Ekonomik kriz her ne kadar “yok!” dense de, yetkililerin halkı yastık altına ve bankalara yönlendirme konuşmaları, krizin ayan beyan ortada olduğunu gösteriyor.
Piyasada esnafın ne durumda olduğunu, esnafın yüzüne bakan anlar. Sayın eniştenin ekonomi programını açıklarken (gerçi açıklanan yeni bir program yok ya, kendileri var diyor) eğitim ve tarımla alakalı hiç bir açıklama yok. Gerçekten dikkat çekici ve vahim bir durum.
Eğitimciler bambaşka şeylerden bahsediyor. Din ağırlıklı eğitim veren imam-hatip okullarının durumu ortada. Bir başka konuda tarım, hâlbuki tarım ağır sanayinin lokomotifi sayılır. Tarımda dışa bağımlılık ağır sanayiyi ülkeden siler ve kesinlikle gelişemez. En verimli tarım arazilerini beton vadisine çevirende mi yabancı güç. Tarım alanlarına üretime hiç katkısı olmayan ve doğayı kirleten mandıralarda mı yabancı güç müdahalesi veya tavsiyesi ile açılıyor.
Eğer var olan tarım politikasıyla devamda ısrar edilirse, her konuda dışa bağımlılıktan kurtulmak mümkün değil.
Türkiye’nin dış güçler tarafından sıkıştırıldığı ve yaşanan krize sürüklendiği bir nebze doğrudur. Peki, iktidarın buna çarşaf tuttuğu gerçeği neden gizlenmeye çalışılıyor anlamak mümkün değil.
Bütün olanlardan daha önemli gelişmeler oluyor Suriye’de.
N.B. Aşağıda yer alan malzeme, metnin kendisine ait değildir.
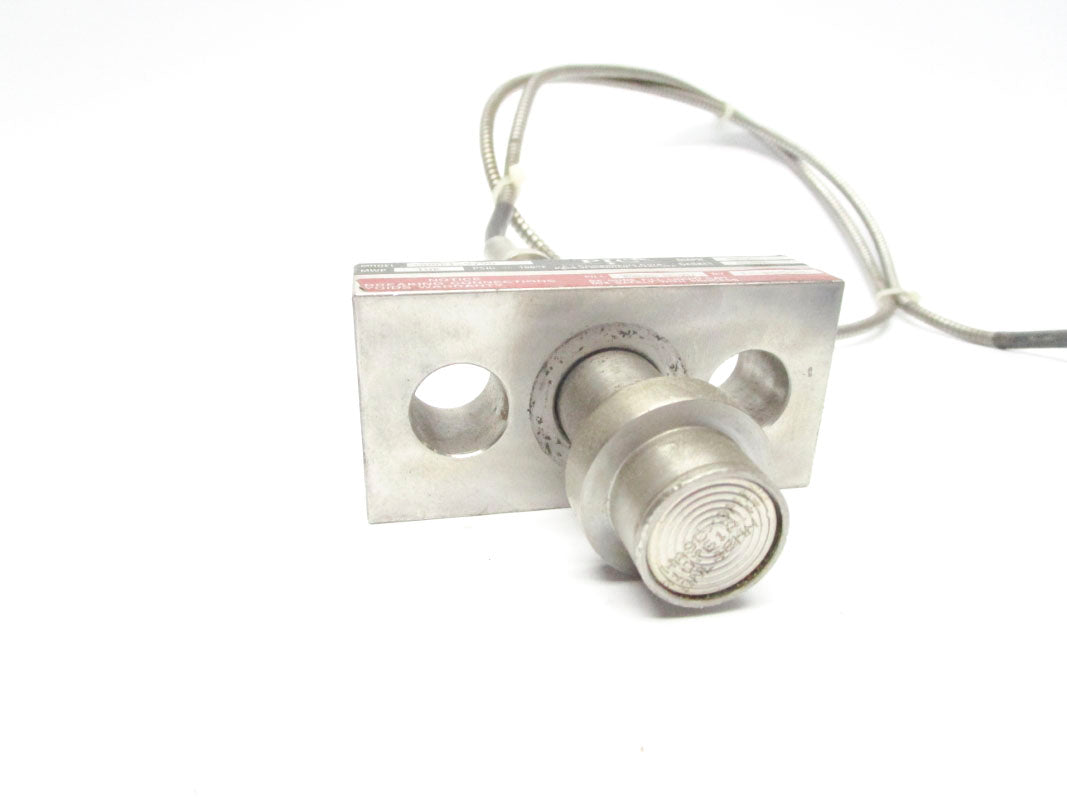 ROSEMOUNT 3051TG4A2B21JS1 55VDC 4000PSI UNMP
A.B.D ve Rusya’nın bazı konularda anlaştıkları doğrudur. Veya Rusya kendi tarafına Türkiye’yi çekmek için ikili oynuyor. Suriye’deki son gelişmeler ve Esad’ın, ülkenin büyük bir kısmını kontrol altına alması, yalnız başına mümkün görünmezken, atağa geçen Suriye güçleri PYD ve PKK ile anlaşarak, Türkiye’nin desteklediği ÖSO’nun kontrolündeki yerlere saldırmaya hazırlanıyor. Yani Türkiye ile karşı karşıya gelecek. Bu durumda Rusya’nın ve NATO ülkesi olan ABD ve diğer üyelerin tavrı ne olacak. İşte büyük kriz ve kaos o zaman başlar.
İşimiz hayli zor, Allah yardımcımız olsun.